With the Rack env, now we can invoke the Rack app, but we’re not done yet. Because, Rack protocol says that a Rack response is an Array made of three elements (HTTP status code, headers, and body), we need to translate this value back to something meaningful for AWS Lambda.
# frozen_string_literal: true
require "rack"
module AWS
module Lambda
module Rack
def self.success(response)
{
statusCode: response[0],
headers: response[1],
body: response[2].map(&:to_s).join
}
end
end
end
end
Our AWS Lambda handler (handler.rb
) delegates our AWS::Lambda
private library:
# frozen_string_literal: true
require_relative "./aws/lambda"
require_relative "./app"
$app ||= App.new
def handler(event:, context:)
AWS::Lambda.call($app, event, context)
end
Hanami::API on Amazon AWS Lambda
Now that we’re able to run a Rack based application, it’s time to build our service with Hanami::API
# frozen_string_literal: true
require "bundler/setup"
require "hanami/api"
class App < Hanami::API
get "/" do
"Hello, World"
end
end
Because we resolved the mismatch between the AWS Lambda request and Rack, the Hanami::API application is completely unware that it’s being deployed on AWS Lambda.

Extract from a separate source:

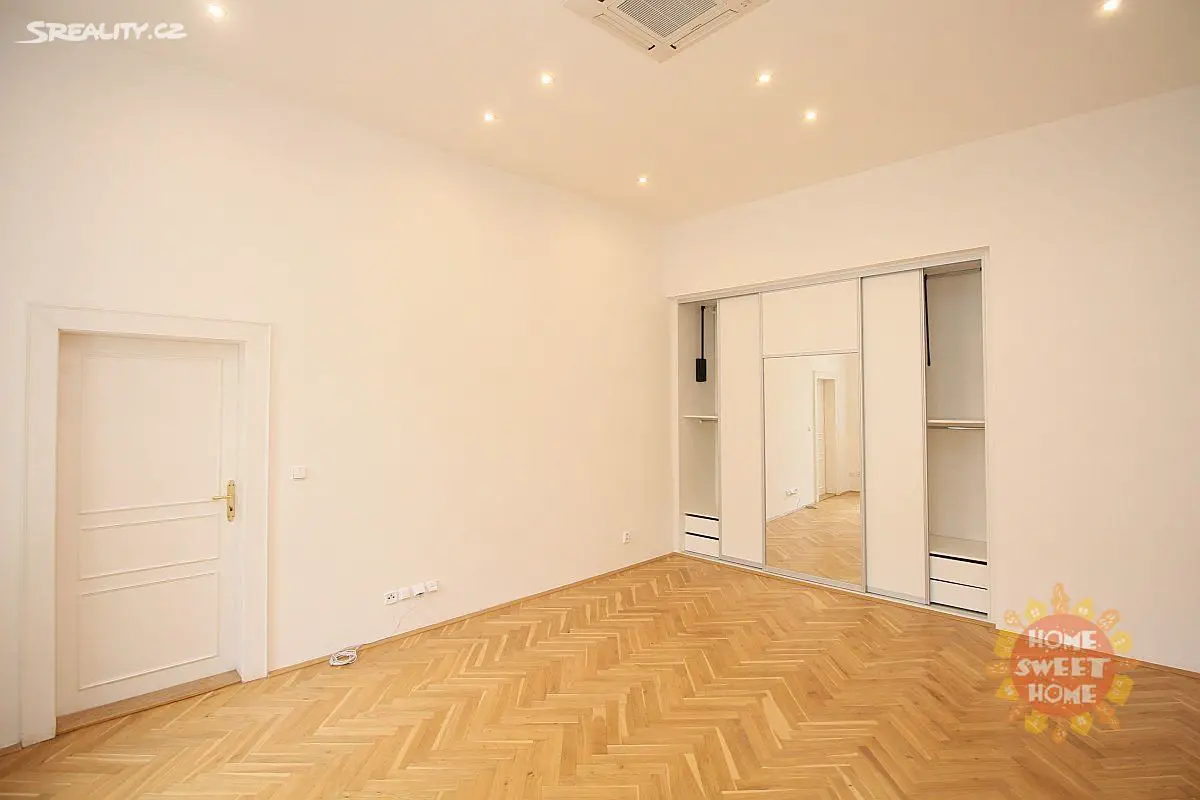 Pronájem bytu 5+1 184 m², Na Poříčí, Praha 1 - Nové Město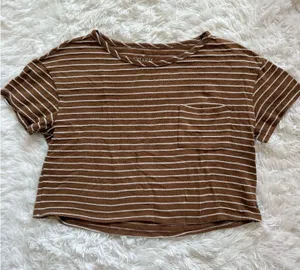 Cropped American Eagle tee with pocket thumbnail 1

This has a great advantage development process: you can still keep using a Rack based server (e.g. Puma) and unit test the service with rack-test
.
We can also receive and send JSON data:
# frozen_string_literal: true
require "bundler/setup"
require "hanami/api"
require "hanami/middleware/body_parser"
class App < Hanami::API
use Hanami::Middleware::BodyParser, :json
post "/tracks" do
status 201
json(track: params[:track])
end
end
AWS Lambda Deployment
AWS Lambda expects a .zip
package file to be uploaded on its servers.
Because AWS Lambda don’t run bundle install
, in order to work, our app package must contain all the Ruby gems that are needed to run the app itself.
With a bit of Bundle-fu, we can package only the gems that are required in production and excluding testing libraries (e.g. rspec
).
Our resulting function.zip
file, which contains the app, hanami-api
, and all the other Ruby gems, it’s only 1.2 Megabyte.
It can fit into an old 💾
floppy disk!
âš¡ ls -al function.zip
-rw-r--r-- 1 luca staff 1248377 Mar 4 11:38 function.zip
Conclusion
The small code footprint, its great performance, make Hanami::API a natural candidate to run serverless microservices on Amazon AWS Lambda.
For a complete working example, that includes tests, deploy script, and Rack utilities for AWS Lambda, please have a look at this GitHub repository: jodosha/hanami-api-amazon-aws-lambda.